# DOB Permit Issuance Analysis

*Author: Jiacheng Chen*

*Date: Aug 23, 2023*

In [None]:
import pkg_resources

installed_packages = [pkg.key for pkg in pkg_resources.working_set]
print(installed_packages)

## Data Preperation

**Read Raw Data**

In [None]:
# Read in raw issuance dataset
import pandas as pd
from sodapy import Socrata

# Identify Opendata NYC Source Domain
client = Socrata("data.cityofnewyork.us","8rVKWjYb75ZgPpouoX7bmtWNL")

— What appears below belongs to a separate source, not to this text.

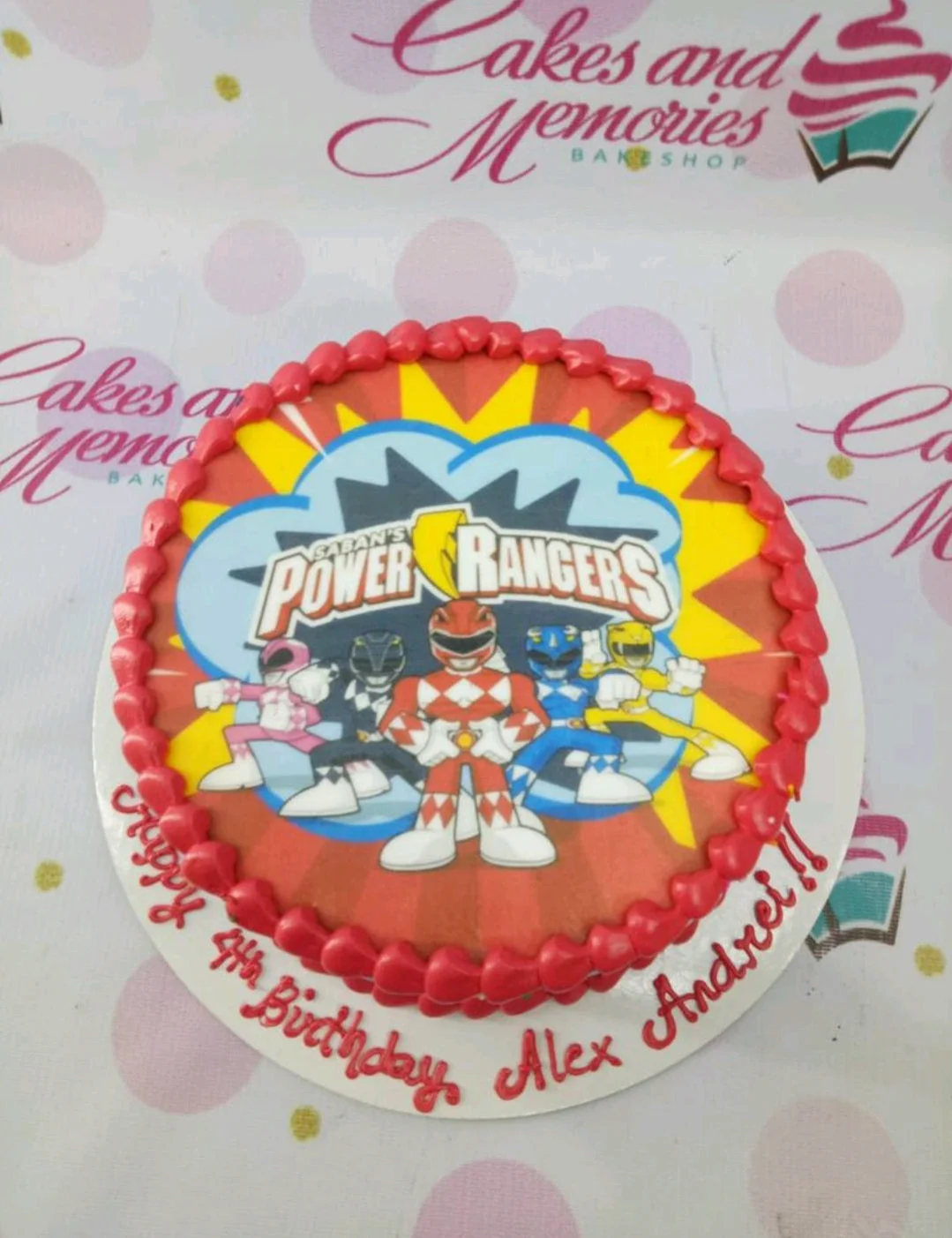 Power Rangers Cake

# Get Active Major Construction permits through SoQL query

results = client.get_all("ipu4-2q9a", where="job_type = 'NB' OR job_type = 'A1'") # 'results' is a json 
# Convert to pandas DataFrame
results_df = pd.DataFrame.from_records(results)

In [None]:
#results_df.to_csv('MajorConstructionDF.csv') # I exported the df to csv for eaiser reuse

>SoQL doesn't support the SUBSTR operator and the dates of the raw data come in as strings. What a pity!

**Filter `Current Active` Constructions**

In [None]:
# Convert 'dates' in raw df to date type
from datetime import datetime
results_df['expiration_date'] = pd.to_datetime(results_df['expiration_date'], format='mixed', dayfirst=True,  errors='ignore')

In [None]:
results_df.dtypes

In [None]:
# Get Current Date
today = datetime.now()

# Get currently active constructions
activeConstruction_df = results_df[results_df['expiration_date'] >= today]

# Format all date columns
# extract date columns from the raw df
dateToChange = results_df.columns[results_df.columns.str.contains('date')].tolist() 

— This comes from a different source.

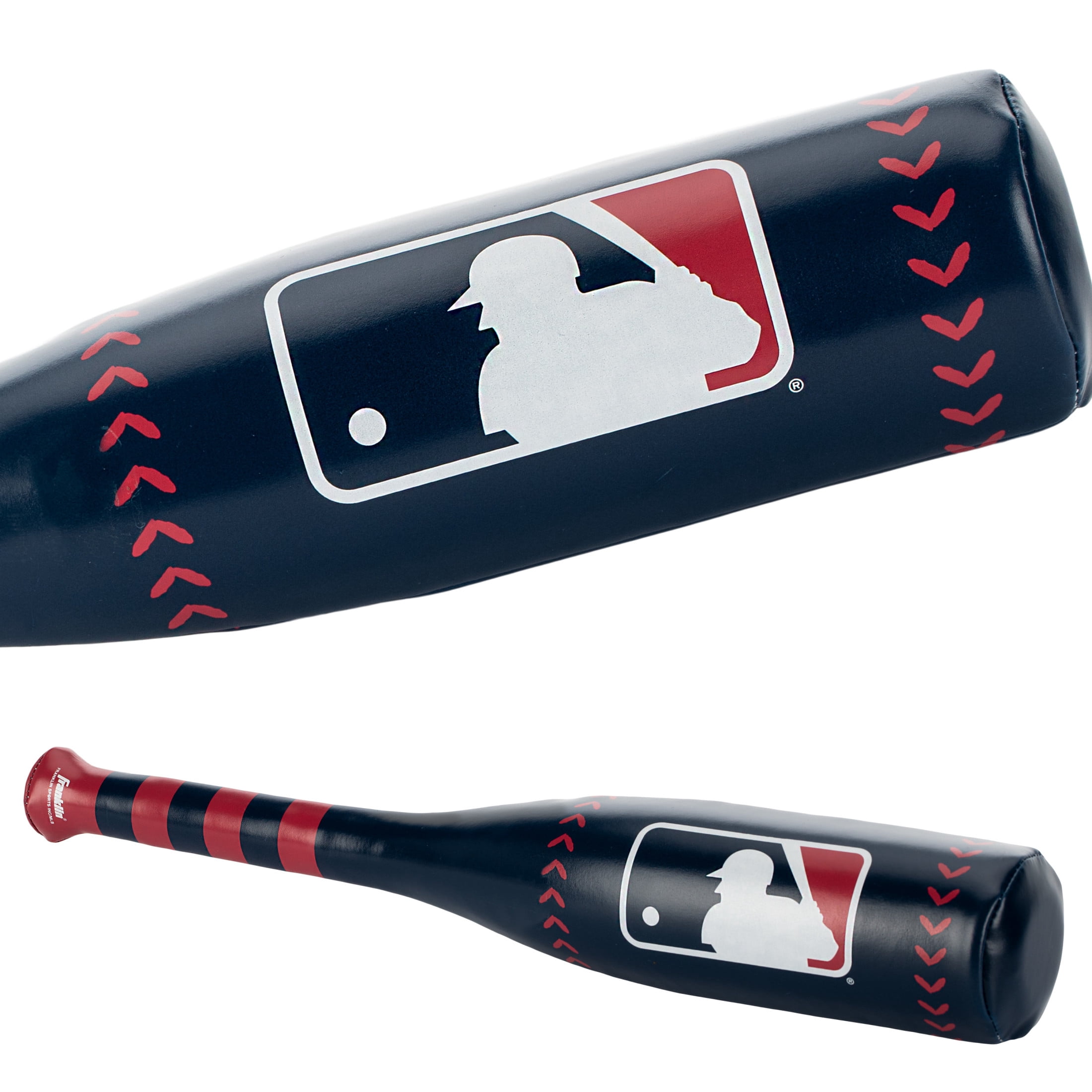 Franklin Sports MLB 21" Soft Sport Bat & Ball - Blue  - Lightweight Kids Bat + Ball Set - Soft PVC Cover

# Convert 'dates' in raw df to date type
activeConstruction_df[dateToChange] = activeConstruction_df[dateToChange].apply(pd.to_datetime)

In [None]:
# Check missing values
activeConstruction_df.isna().sum()

## EDA

**Key Metrics Summary**

I chose the categorical variables that don't have significant amount of missing values to be key metrics, such as `job_type`, `permit_type`, `recidential`, `owner's business type`, `non profit`, and I also included `dates` in the table, along with `GIS` variables. 

In [None]:
# Select key columns
activeConstruction_df_summary = activeConstruction_df[['borough','bin__', 'job__', 'job_type', 
                                                       'bldg_type', 'residential','self_cert',
                                                       'permit_type','permit_subtype','permittee_s_license_type',
                                                       'permit_status', 'filing_status', 'owner_s_business_type',
                                                       'permit_si_no',
                                                       'filing_date', 'issuance_date', 'expiration_date',
                                                       'job_start_date','non_profit','gis_latitude', 
                                                       'gis_longitude','gis_council_district']]

In [None]:
# Check and remove duplicates entries that ate exact identical
activeConstruction_df_cleaned = activeConstruction_df_summary[~activeConstruction_df_summary.duplicated(keep='last')]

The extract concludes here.